Eight Circuit Holds Two Drowning are One Occurrence under CGL Policy

Blogs, Insurance Coverage

The United States Court of Appeals for the Eighth Circuit recently ruled that the near-simultaneous drowning of two boys stemmed from the same acts of negligence and therefore were a single occurrence for purposes of the commercial general liability policy in question. Fellowship of Christian Athletes v. AXIS Ins. Co., No. 13-2776 (8th Cor. 2014).

This coverage dispute stems from the tragic drowning of two boys at a summer camp organized and operated by the Fellowship of Christian Athletes (“FCA”). Autopsy reports concluded that the boys died within two minutes of each other. The families of the two boys filed suit against FCA alleging FCA was negligent in allowing the boys to enter the pool after their parents had signed permission forms indicating that the boys could not swim. 

FCA sought coverage under its three insurance policies. AXIS Insurance Company (“AXIS”) provided the FCA with a commercial general liability policy with limits of $1 million per occurrence and $5 million in the aggregate. FCA also had two layers of umbrella coverage in excess of the AXIS policy: a $10 million first-layer umbrella policy issued by Ironshore Specialty Insurance Company (“Ironshore”) and a $5 million second-layer umbrella policy issued by RSUI Indemnity Company (“RSUI”).

FCA filed suit against the insurance companies, seeking a determination as to whether the deaths were caused by one occurrence or two occurrences under the AXIS policy. AXIS and Ironshore filed cross-motions for summary judgment. The United States District Court for the Western District of Missouri granted AXIS’ motion and held that the underlying incident constituted a single occurrence, thereby limiting AXIS’ exposure to $1 million and triggering the Ironshore policy for all amounts in excess of $1 million. Ironshore appealed.

On appeal, Ironshore argued that there were two occurrences and as such, AXIS’ liability extended to the first $2 million awarded in the underlying suits. In support of its argument, Ironshore maintained that Missouri’s “cause approach” to determining the number of occurrences, looks to the single act from which all claims flow. Under the cause approach, Ironshore argued that the accidents must occur simultaneously or almost simultaneously in order to constitute a single occurrence, and to be considered “almost simultaneous,” the occurrences must happen within a few seconds of each other. Ironshore asserted that the two deaths, which happened within minutes of each other, could not be considered “almost simultaneous,” and thus were legally two separate occurrences.

Relying on Missouri case law, the United States Court of Appeals for the Eighth Circuit rejected Ironshore’s argument. Relying on the Missouri Court of Appeals decision in Kansas Fire & Casualty Co. v.
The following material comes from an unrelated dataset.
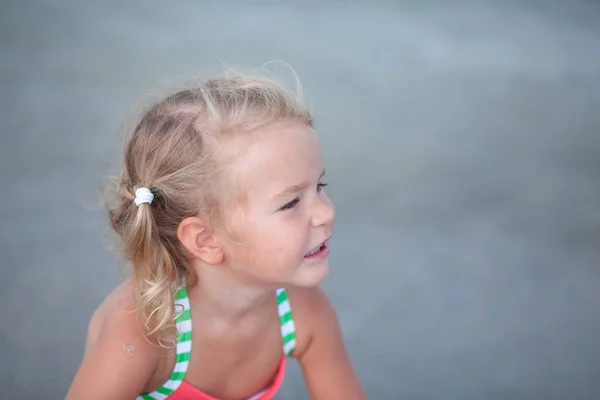 Pequena Menina Feliz Bonito Joga Nada Mar Espanha — Fotografia de Stock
Koelling, 729 S.W.2d 251 (Mo. Ct. App. 1987), the Court held that under Missouri law, multiple occurrences will be found only when an intervening act causes the second claim. In so concluding, the Court concluded that FCA’s allegedly negligent conduct constituted one occurrence under the Axis policy because the underlying lawsuit alleged that the drownings were caused by “exposure to substantially the same general harmful conditions” – i.e. allowing the boys to attend the pool party while knowing the boys could not swim.